> Exercise goal:
Please copy out each entry, word for word.

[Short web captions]
──────────

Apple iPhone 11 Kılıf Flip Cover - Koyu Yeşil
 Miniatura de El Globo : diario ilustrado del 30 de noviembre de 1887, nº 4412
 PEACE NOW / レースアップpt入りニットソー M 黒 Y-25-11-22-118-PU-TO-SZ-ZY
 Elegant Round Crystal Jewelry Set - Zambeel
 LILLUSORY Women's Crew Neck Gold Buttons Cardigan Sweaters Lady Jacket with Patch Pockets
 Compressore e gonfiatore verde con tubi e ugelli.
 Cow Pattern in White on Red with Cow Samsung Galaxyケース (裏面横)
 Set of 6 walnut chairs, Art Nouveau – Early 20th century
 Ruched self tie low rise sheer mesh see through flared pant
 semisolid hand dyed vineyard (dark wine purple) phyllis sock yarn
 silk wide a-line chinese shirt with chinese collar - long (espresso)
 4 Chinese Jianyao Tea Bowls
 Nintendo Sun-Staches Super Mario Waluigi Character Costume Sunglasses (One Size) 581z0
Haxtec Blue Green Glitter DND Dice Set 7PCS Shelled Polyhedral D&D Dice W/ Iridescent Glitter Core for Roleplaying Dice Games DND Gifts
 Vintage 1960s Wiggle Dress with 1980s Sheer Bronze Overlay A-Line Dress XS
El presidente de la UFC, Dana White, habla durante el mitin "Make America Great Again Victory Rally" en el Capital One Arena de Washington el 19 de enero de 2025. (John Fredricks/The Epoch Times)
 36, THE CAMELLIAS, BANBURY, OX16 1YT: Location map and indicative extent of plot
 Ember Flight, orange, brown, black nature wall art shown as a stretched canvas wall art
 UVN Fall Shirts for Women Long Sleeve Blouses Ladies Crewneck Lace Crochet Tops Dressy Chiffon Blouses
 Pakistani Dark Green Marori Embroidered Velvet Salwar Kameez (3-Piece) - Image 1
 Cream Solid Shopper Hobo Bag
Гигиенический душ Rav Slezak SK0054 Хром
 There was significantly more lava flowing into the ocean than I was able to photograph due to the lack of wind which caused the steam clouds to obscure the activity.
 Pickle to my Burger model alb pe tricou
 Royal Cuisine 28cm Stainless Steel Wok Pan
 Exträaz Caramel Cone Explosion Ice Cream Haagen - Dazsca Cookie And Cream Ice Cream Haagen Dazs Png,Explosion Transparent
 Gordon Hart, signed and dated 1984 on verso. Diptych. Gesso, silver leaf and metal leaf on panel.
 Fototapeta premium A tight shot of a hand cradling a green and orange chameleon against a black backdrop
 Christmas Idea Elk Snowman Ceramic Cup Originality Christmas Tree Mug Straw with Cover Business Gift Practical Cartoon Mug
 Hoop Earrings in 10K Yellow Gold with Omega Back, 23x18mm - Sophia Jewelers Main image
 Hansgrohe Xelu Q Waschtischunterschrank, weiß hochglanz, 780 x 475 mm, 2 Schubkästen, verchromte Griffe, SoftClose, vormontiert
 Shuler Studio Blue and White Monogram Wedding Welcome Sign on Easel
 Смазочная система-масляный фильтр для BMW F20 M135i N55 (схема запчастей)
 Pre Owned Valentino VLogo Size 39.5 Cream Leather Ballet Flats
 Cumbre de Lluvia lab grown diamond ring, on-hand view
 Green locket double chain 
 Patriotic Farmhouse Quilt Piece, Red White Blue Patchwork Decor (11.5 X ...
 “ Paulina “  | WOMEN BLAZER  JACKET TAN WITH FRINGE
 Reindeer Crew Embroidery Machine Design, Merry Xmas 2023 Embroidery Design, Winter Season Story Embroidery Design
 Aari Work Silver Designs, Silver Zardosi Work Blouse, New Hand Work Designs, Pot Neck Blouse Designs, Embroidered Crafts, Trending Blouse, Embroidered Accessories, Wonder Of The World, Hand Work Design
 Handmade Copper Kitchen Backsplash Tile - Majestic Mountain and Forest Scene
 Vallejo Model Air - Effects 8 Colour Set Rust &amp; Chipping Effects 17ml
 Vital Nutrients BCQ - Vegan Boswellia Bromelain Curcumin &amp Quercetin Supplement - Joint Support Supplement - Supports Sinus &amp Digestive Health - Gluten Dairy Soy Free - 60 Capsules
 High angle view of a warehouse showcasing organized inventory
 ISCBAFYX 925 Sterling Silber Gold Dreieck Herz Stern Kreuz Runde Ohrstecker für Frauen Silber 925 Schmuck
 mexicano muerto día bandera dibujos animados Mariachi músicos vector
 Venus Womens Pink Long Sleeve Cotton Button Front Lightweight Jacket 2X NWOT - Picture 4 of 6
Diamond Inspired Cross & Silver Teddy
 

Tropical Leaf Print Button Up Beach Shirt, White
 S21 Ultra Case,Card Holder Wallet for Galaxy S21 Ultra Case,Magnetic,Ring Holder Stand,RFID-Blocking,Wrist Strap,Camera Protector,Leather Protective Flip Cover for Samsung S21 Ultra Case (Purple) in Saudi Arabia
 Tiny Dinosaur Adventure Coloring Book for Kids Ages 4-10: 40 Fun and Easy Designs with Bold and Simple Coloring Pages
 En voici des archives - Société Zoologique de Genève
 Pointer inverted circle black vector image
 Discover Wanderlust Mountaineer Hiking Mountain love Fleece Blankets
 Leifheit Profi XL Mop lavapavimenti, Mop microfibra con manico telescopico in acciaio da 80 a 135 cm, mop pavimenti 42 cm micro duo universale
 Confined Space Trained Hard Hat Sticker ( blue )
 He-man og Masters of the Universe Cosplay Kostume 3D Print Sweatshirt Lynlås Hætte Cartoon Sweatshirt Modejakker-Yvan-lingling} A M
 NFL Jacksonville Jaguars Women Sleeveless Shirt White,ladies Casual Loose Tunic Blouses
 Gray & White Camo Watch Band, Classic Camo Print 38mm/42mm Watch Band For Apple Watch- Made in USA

──────────

> Written answer:
Apple iPhone 11 Kılıf Flip Cover - Koyu Yeşil
 Miniatura de El Globo : diario ilustrado del 30 de noviembre de 1887, nº 4412
 PEACE NOW / レースアップpt入りニットソー M 黒 Y-25-11-22-118-PU-TO-SZ-ZY
 Elegant Round Crystal Jewelry Set - Zambeel
 LILLUSORY Women's Crew Neck Gold Buttons Cardigan Sweaters Lady Jacket with Patch Pockets
 Compressore e gonfiatore verde con tubi e ugelli.
 Cow Pattern in White on Red with Cow Samsung Galaxyケース (裏面横)
 Set of 6 walnut chairs, Art Nouveau – Early 20th century
 Ruched self tie low rise sheer mesh see through flared pant
 semisolid hand dyed vineyard (dark wine purple) phyllis sock yarn
 silk wide a-line chinese shirt with chinese collar - long (espresso)
 4 Chinese Jianyao Tea Bowls
 Nintendo Sun-Staches Super Mario Waluigi Character Costume Sunglasses (One Size) 581z0
Haxtec Blue Green Glitter DND Dice Set 7PCS Shelled Polyhedral D&D Dice W/ Iridescent Glitter Core for Roleplaying Dice Games DND Gifts
 Vintage 1960s Wiggle Dress with 1980s Sheer Bronze Overlay A-Line Dress XS
El presidente de la UFC, Dana White, habla durante el mitin "Make America Great Again Victory Rally" en el Capital One Arena de Washington el 19 de enero de 2025. (John Fredricks/The Epoch Times)
 36, THE CAMELLIAS, BANBURY, OX16 1YT: Location map and indicative extent of plot
 Ember Flight, orange, brown, black nature wall art shown as a stretched canvas wall art
 UVN Fall Shirts for Women Long Sleeve Blouses Ladies Crewneck Lace Crochet Tops Dressy Chiffon Blouses
 Pakistani Dark Green Marori Embroidered Velvet Salwar Kameez (3-Piece) - Image 1
 Cream Solid Shopper Hobo Bag
Гигиенический душ Rav Slezak SK0054 Хром
 There was significantly more lava flowing into the ocean than I was able to photograph due to the lack of wind which caused the steam clouds to obscure the activity.
 Pickle to my Burger model alb pe tricou
 Royal Cuisine 28cm Stainless Steel Wok Pan
 Exträaz Caramel Cone Explosion Ice Cream Haagen - Dazsca Cookie And Cream Ice Cream Haagen Dazs Png,Explosion Transparent
 Gordon Hart, signed and dated 1984 on verso. Diptych. Gesso, silver leaf and metal leaf on panel.
 Fototapeta premium A tight shot of a hand cradling a green and orange chameleon against a black backdrop
 Christmas Idea Elk Snowman Ceramic Cup Originality Christmas Tree Mug Straw with Cover Business Gift Practical Cartoon Mug
 Hoop Earrings in 10K Yellow Gold with Omega Back, 23x18mm - Sophia Jewelers Main image
 Hansgrohe Xelu Q Waschtischunterschrank, weiß hochglanz, 780 x 475 mm, 2 Schubkästen, verchromte Griffe, SoftClose, vormontiert
 Shuler Studio Blue and White Monogram Wedding Welcome Sign on Easel
 Смазочная система-масляный фильтр для BMW F20 M135i N55 (схема запчастей)
 Pre Owned Valentino VLogo Size 39.5 Cream Leather Ballet Flats
 Cumbre de Lluvia lab grown diamond ring, on-hand view
 Green locket double chain 
 Patriotic Farmhouse Quilt Piece, Red White Blue Patchwork Decor (11.5 X ...
 “ Paulina “  | WOMEN BLAZER  JACKET TAN WITH FRINGE
 Reindeer Crew Embroidery Machine Design, Merry Xmas 2023 Embroidery Design, Winter Season Story Embroidery Design
 Aari Work Silver Designs, Silver Zardosi Work Blouse, New Hand Work Designs, Pot Neck Blouse Designs, Embroidered Crafts, Trending Blouse, Embroidered Accessories, Wonder Of The World, Hand Work Design
 Handmade Copper Kitchen Backsplash Tile - Majestic Mountain and Forest Scene
 Vallejo Model Air - Effects 8 Colour Set Rust &amp; Chipping Effects 17ml
 Vital Nutrients BCQ - Vegan Boswellia Bromelain Curcumin &amp Quercetin Supplement - Joint Support Supplement - Supports Sinus &amp Digestive Health - Gluten Dairy Soy Free - 60 Capsules
 High angle view of a warehouse showcasing organized inventory
 ISCBAFYX 925 Sterling Silber Gold Dreieck Herz Stern Kreuz Runde Ohrstecker für Frauen Silber 925 Schmuck
 mexicano muerto día bandera dibujos animados Mariachi músicos vector
 Venus Womens Pink Long Sleeve Cotton Button Front Lightweight Jacket 2X NWOT - Picture 4 of 6
Diamond Inspired Cross & Silver Teddy
 

Tropical Leaf Print Button Up Beach Shirt, White
 S21 Ultra Case,Card Holder Wallet for Galaxy S21 Ultra Case,Magnetic,Ring Holder Stand,RFID-Blocking,Wrist Strap,Camera Protector,Leather Protective Flip Cover for Samsung S21 Ultra Case (Purple) in Saudi Arabia
 Tiny Dinosaur Adventure Coloring Book for Kids Ages 4-10: 40 Fun and Easy Designs with Bold and Simple Coloring Pages
 En voici des archives - Société Zoologique de Genève
 Pointer inverted circle black vector image
 Discover Wanderlust Mountaineer Hiking Mountain love Fleece Blankets
 Leifheit Profi XL Mop lavapavimenti, Mop microfibra con manico telescopico in acciaio da 80 a 135 cm, mop pavimenti 42 cm micro duo universale
 Confined Space Trained Hard Hat Sticker ( blue )
 He-man og Masters of the Universe Cosplay Kostume 3D Print Sweatshirt Lynlås Hætte Cartoon Sweatshirt Modejakker-Yvan-lingling} A M
 NFL Jacksonville Jaguars Women Sleeveless Shirt White,ladies Casual Loose Tunic Blouses
 Gray & White Camo Watch Band, Classic Camo Print 38mm/42mm Watch Band For Apple Watch- Made in USA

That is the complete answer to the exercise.